Tuesday, March 3, 2020

Career? Or Job?

I have to go back to work. After almost four years of only working a few occasional hours a week, I need a regular income again. Our budget has always been tight, but I was managing to stretch it far enough until the kid started to drive and our water bill almost doubled (mostly unrelated except for timing). If you know me, you know I have a straight up phobia around looking for work. I'd rather be covered in spiders while making a speech in my underwear in high school (in fact, if someone would like to pay me to do that, let's talk). It's irrational and mostly baseless, but I've never gotten a good job the old fashioned, send in an application, get an interview sort of way. All the good jobs came from someone else doing the leg work or me knowing someone. If I could hand my crappy (because it literally scares me to work on it) resume to someone and just do whatever they choose for me, I probably would.

This time around is extra scary, though, because some big things have changed since the last time I was in the workforce. I'm married now. I can't go use up all my people energy (INTROVERT with a capital I-N-T-R-O-V-E-R-T) at work and then shut myself in my room all night to recharge like I used to do. I have to find something that leaves me able to be civil to my husband and the teenager.
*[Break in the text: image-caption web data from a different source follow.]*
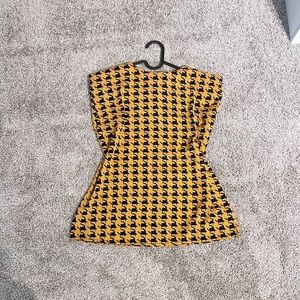 Padded shoulder top size M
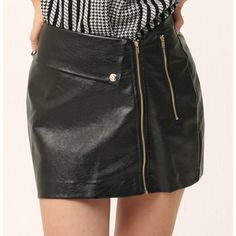 Front Zip Fly Closure Asymmetric Waistline Faux Leather Skirt Snap Button Detail 100% Polyurethane Professional Clean Only / Do Not Tumble Dry S: Waist: 35cm (13.8in) / Hip: 45cm (17.7in) / Hem: 51cm (20.1in) / Length: 37cm (14.6in) /3 Chic Faux Leather Skirt With Zipper Closure, Chic High Waist Mini Skirt With Button Zip Fly, Chic Mini Skirt With Button Zip Fly, Chic Skirt With Button Zip Fly For Fall, Chic Fall Skirt With Button Zip Fly, Edgy Black Asymmetrical Mini Skirt, Chic Faux Leather Mini Skirt With Zipper, Casual Black Asymmetrical Mini Skirt, Chic Fall Skirt With Side Zipper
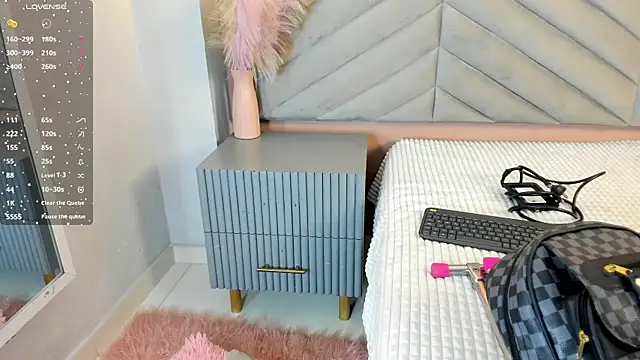 chelsea bolton  online show from 12-19-25, 12:07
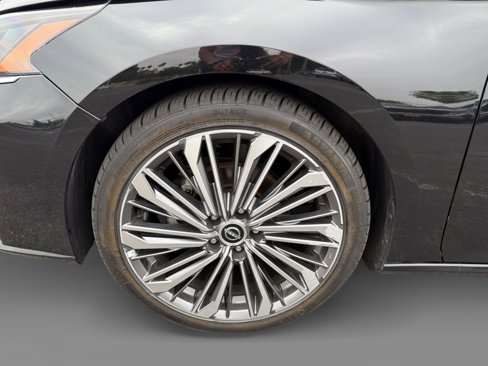 Used 2023 Nissan Altima 2.5 SL image 9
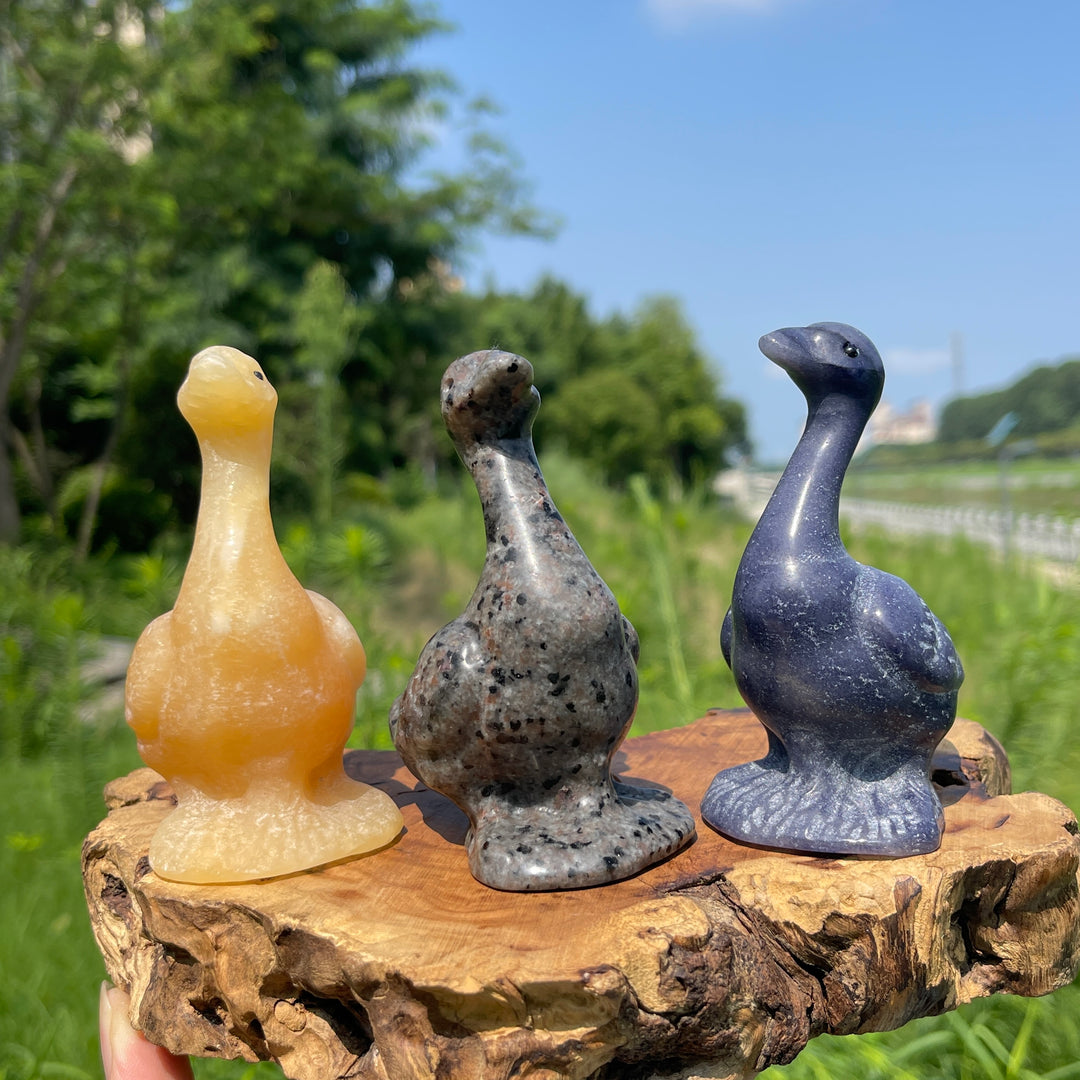 Natural Crystal Upturned Neck Duck Carving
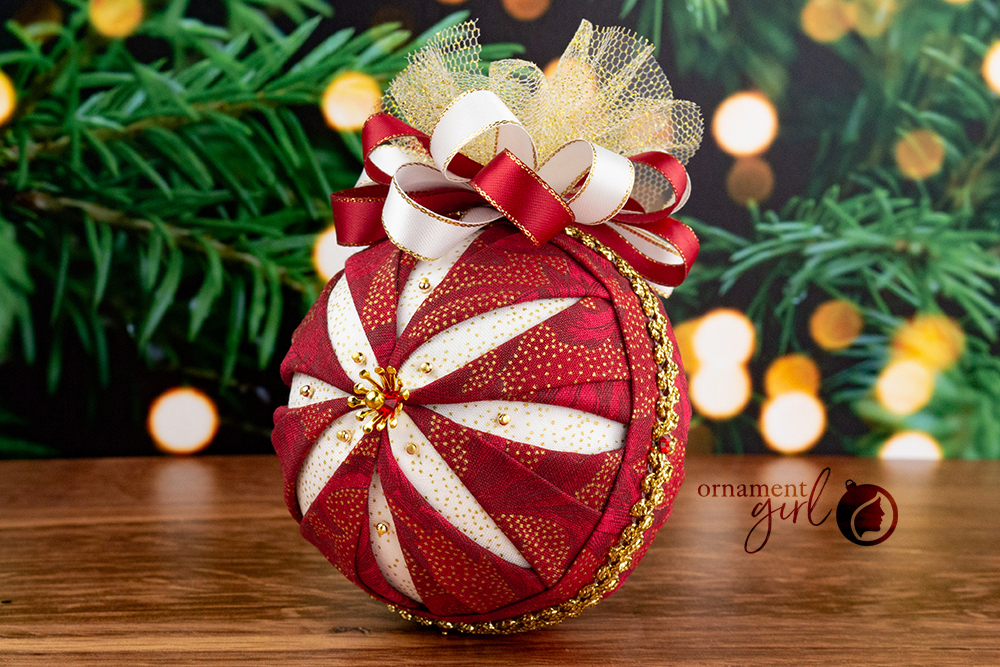 red-and-white-gilded-cathedral-no-sew-quilted-ornament-03-wm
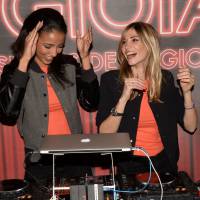 Flora Coquerel et Alexandra Rosenfeld : DJettes stylées devant Miss France 2016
No point in doing something for the family that turns me into someone they hate to live with.

Please don't mistake introversion for shyness or devoid of people skills. I am neither. I just find people mentally exhausting. I'd be great at a job that requires strong interpersonal skills and a lot of time completely alone. Comment if you know of one! I just can't people all the time. 

On the upside, I'm Keto now, which means I'm not physically tired all the time. I think I started having chronic exhaustion around puberty (I carried a pillow so I could nap in study hall). I lost track of how many days I struggled to keep my eyes open at work in the afternoon or to find a way to nap over lunch. For the first time in my life I can imagine putting in an eight hour day and still having the strength to cook dinner AND wash the dishes. I think I'd still have my last job if I wasn't so foggy and distracted all the time from being tired. I might even have managed to work my way up. I might have had a career.

And that's really the question I'm struggling with today. To be or just to work. To search out something I think I'd want to do and put my heart into it or to find something that will get the bills paid and put my time in. To use my education and skills or just my hours. To risk the stress of real responsibility and having to attend meetings that should be memos and failing hard (because the higher you climb the harder you fall) or the stress of being insanely bored and treated like I'm lesser because that must be the only job I could get.

In my dreams, I find a professional job that's mostly computer work (I'm a solid graphic designer, great with presentation software, basic digital skills, decent writer) and only required 30 or less hours each week. In reality, my choices seem to be part time unskilled work or out-on-a-limb, they'd-only-choose-me-if-no-one-really-qualified-applied, kinds of full time jobs. If I have to choose between the two, it won't be an easy choice. Wish me luck.